Replace the following:

  • DEFINITION_FILE: the path to the table definition file.
  • STALENESS_INTERVAL: specifies whether cached metadata is used by operations against the BigLake table, and how fresh the cached metadata must be in order for the operation to use it. If you include this flag, you must have also specified a value for the --metadata_cache_mode flag in the preceding bq mkdef command. For more information on metadata caching considerations, see Metadata caching for performance.

    To disable metadata caching, specify 0. This is the default.

    To enable metadata caching, specify an interval value between 30 minutes and 7 days, using the Y-M D H:M:S format described in the INTERVAL data type documentation. For example, specify 0-0 0 4:0:0 for a 4 hour staleness interval. With this value, operations against the table use cached metadata if it has been refreshed within the past 4 hours. If the cached metadata is older than that, the operation retrieves metadata from Cloud Storage instead.

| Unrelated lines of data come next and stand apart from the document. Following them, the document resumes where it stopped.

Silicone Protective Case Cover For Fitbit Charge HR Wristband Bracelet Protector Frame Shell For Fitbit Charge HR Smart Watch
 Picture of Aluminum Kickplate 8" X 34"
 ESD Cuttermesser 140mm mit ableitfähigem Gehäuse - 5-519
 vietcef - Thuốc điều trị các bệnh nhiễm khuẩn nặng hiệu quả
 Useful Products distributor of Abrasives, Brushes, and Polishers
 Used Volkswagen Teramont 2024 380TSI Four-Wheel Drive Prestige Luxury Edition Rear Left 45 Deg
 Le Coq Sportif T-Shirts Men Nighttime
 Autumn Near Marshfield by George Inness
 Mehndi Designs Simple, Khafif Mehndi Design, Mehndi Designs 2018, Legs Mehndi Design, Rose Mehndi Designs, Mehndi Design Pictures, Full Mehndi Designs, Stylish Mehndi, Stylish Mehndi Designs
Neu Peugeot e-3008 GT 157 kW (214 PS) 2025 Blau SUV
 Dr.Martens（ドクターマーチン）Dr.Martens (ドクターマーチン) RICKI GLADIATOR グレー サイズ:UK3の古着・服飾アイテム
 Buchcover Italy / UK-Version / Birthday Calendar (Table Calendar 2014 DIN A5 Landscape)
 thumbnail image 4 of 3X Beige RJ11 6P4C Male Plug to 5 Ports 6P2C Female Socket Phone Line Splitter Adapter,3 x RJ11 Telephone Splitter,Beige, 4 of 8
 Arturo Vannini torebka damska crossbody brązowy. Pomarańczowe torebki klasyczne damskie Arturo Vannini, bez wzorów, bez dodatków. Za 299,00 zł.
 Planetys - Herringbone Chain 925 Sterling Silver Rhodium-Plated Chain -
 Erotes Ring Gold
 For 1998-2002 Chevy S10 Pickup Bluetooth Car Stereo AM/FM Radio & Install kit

  • DATASET_NAME: the name of the dataset that contains the table.

  • TABLE_NAME: the name of the table you're creating.

  • SCHEMA: specifies a path to a JSON schema file, or specifies the schema in the form field:data_type,field:data_type,.... To use schema auto-detection, omit this argument.

Examples

The following example uses AUTO Hive partitioning mode, and also sets the metadata cache to have a 12 hour staleness interval and to get refreshed automatically:

bq mkdef --source_format=CSV \
  --connection_id=us.my-connection \
  --hive_partitioning_mode=AUTO \
  --hive_partitioning_source_uri_prefix=gs://myBucket/myTable \
  --metadata_cache_mode=AUTOMATIC \
  gs://myBucket/myTable/* > mytable_def

bq mk --external_table_definition=mytable_def \
  --max_staleness=0-0 0 12:0:0 \
  mydataset.mytable \
  Region:STRING,Quarter:STRING,Total_sales:INTEGER

The following example uses STRING Hive partitioning mode:

bq mkdef --source_format=CSV \
  --connection_id=us.my-connection \
  --hive_partitioning_mode=STRING \
  --hive_partitioning_source_uri_prefix=gs://myBucket/myTable \
  gs://myBucket/myTable/* > mytable_def

bq mk --external_table_definition=mytable_def \
  mydataset.mytable \
  Region:STRING,Quarter:STRING,Total_sales:INTEGER

The following example uses CUSTOM Hive partitioning mode:

bq mkdef --source_format=CSV \
  --connection_id=us.my-connection \
  --hive_partitioning_mode=CUSTOM \
  --hive_partitioning_source_uri_prefix=gs://myBucket/myTable/{dt:DATE}/{val:STRING} \
  gs://myBucket/myTable/* > mytable_def

bq mk --external_table_definition=mytable_def \
  mydataset.mytable \
  Region:STRING,Quarter:STRING,Total_sales:INTEGER

API

To set Hive partitioning using the BigQuery API, include the hivePartitioningOptions object in the ExternalDataConfiguration object when you create the table definition file. To create a BigLake table, you must also specify a value for the connectionId field.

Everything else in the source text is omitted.